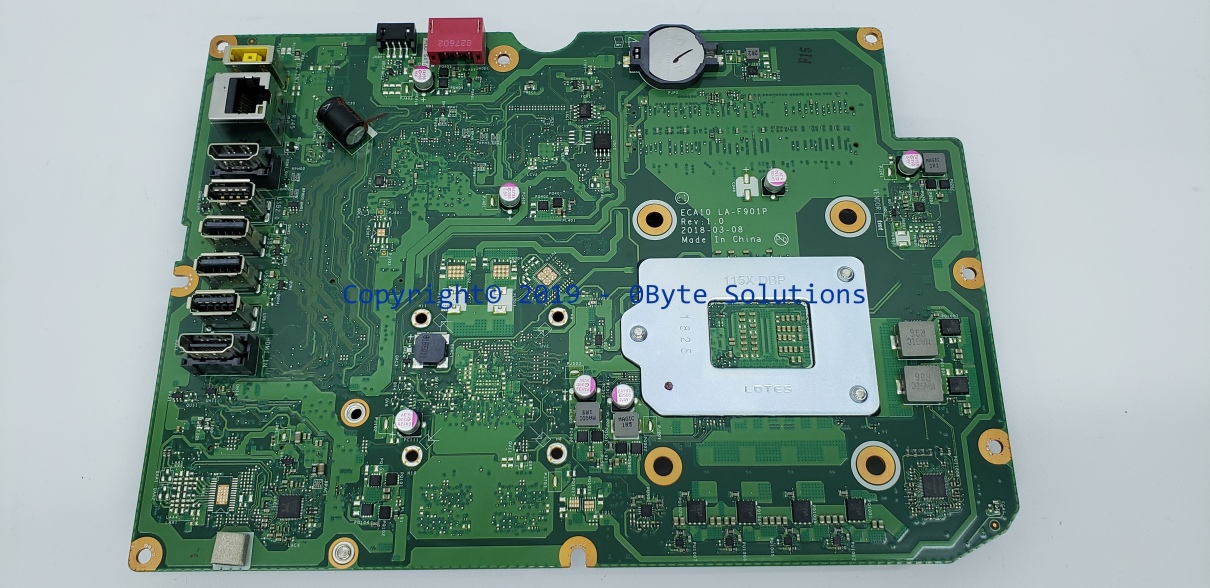 Lenovo 01LM435 Mainboard for IdeaCentre 520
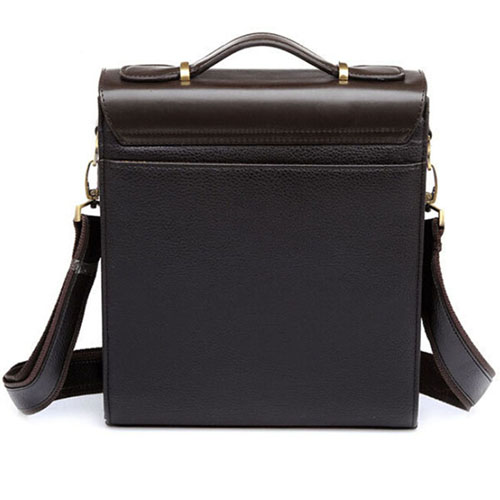 Business Folder Leather Messenger Bag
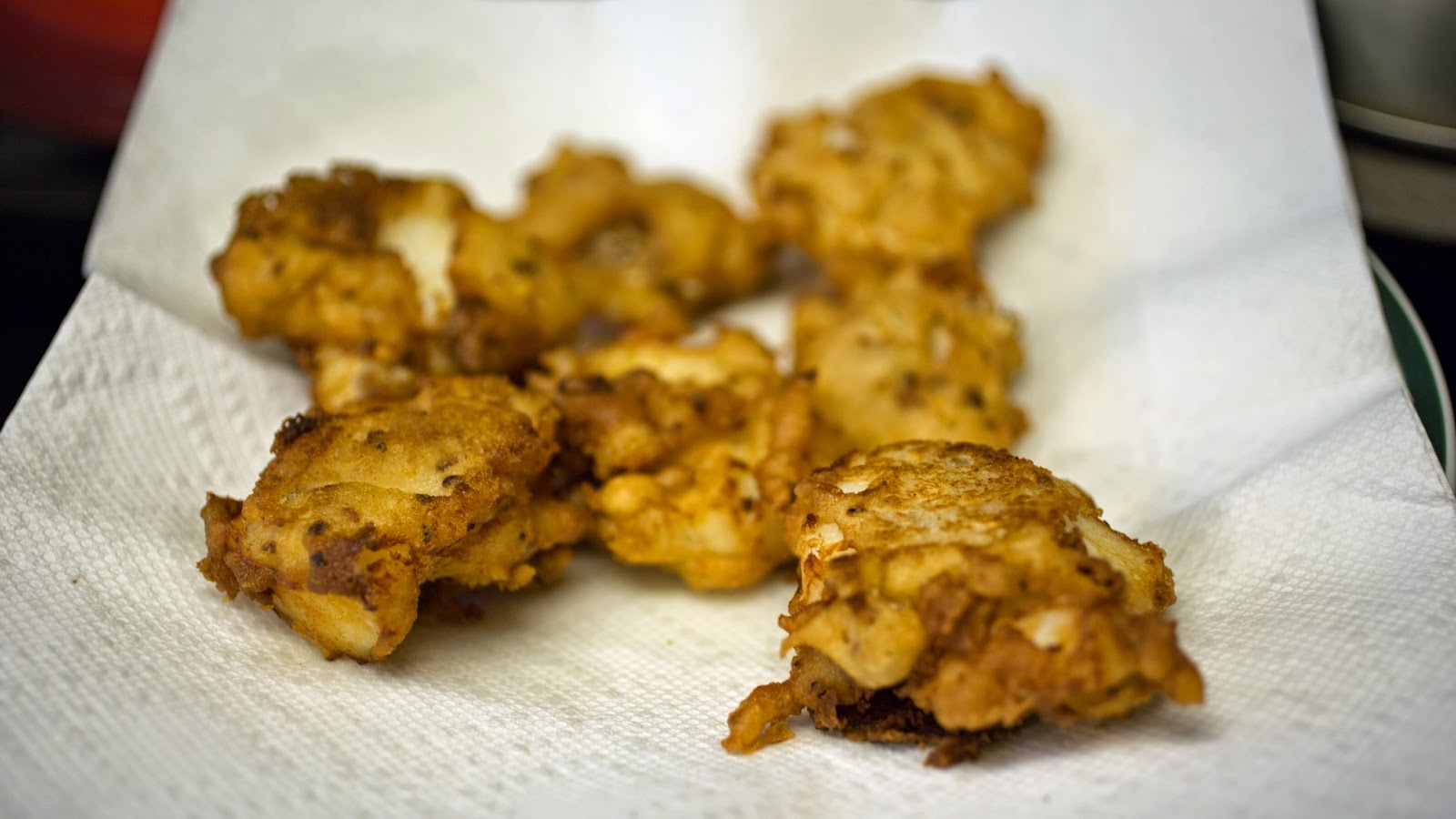 Beer Batter Fish Tacos With Mango Salsa the DIY food blog real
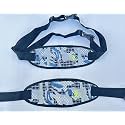 Kids Safety Belt with Reflective Strips for Two Wheeler/Bike/Scooty (2-12 Years) (Blue) by Little Lock. Protect Your Little Champion!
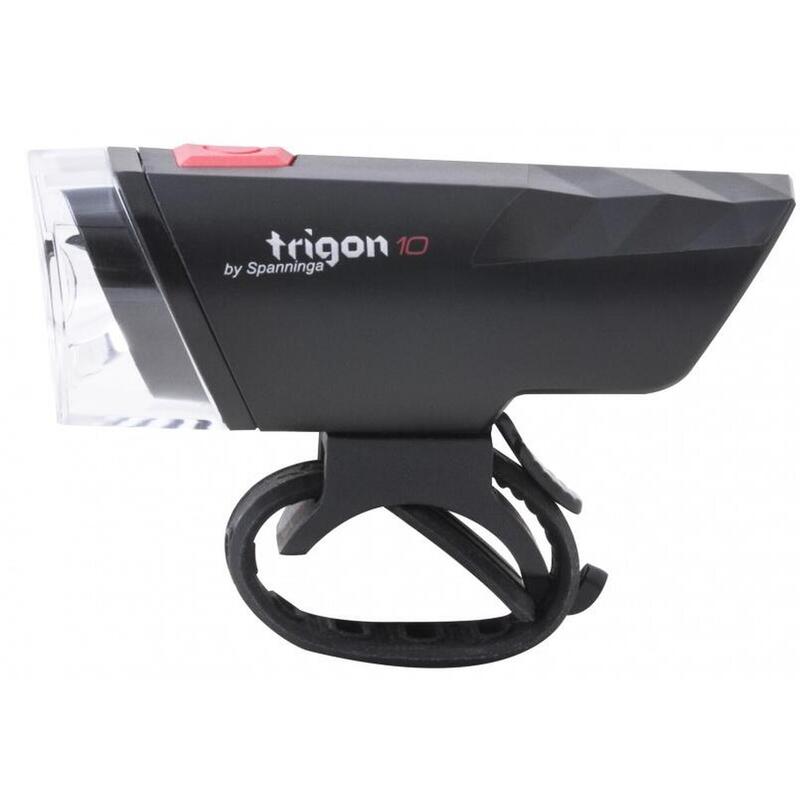 Spanninga phare Trigon 10 LED noir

┄┄┄┄┄┄┄┄┄┄┄┄┄┄┄┄┄┄┄┄

Everything in the entries above except the pictures should be given again exactly.

 Lenovo 01LM435 Mainboard for IdeaCentre 520
 Business Folder Leather Messenger Bag
 Beer Batter Fish Tacos With Mango Salsa the DIY food blog real
 Kids Safety Belt with Reflective Strips for Two Wheeler/Bike/Scooty (2-12 Years) (Blue) by Little Lock. Protect Your Little Champion!
 Spanninga phare Trigon 10 LED noir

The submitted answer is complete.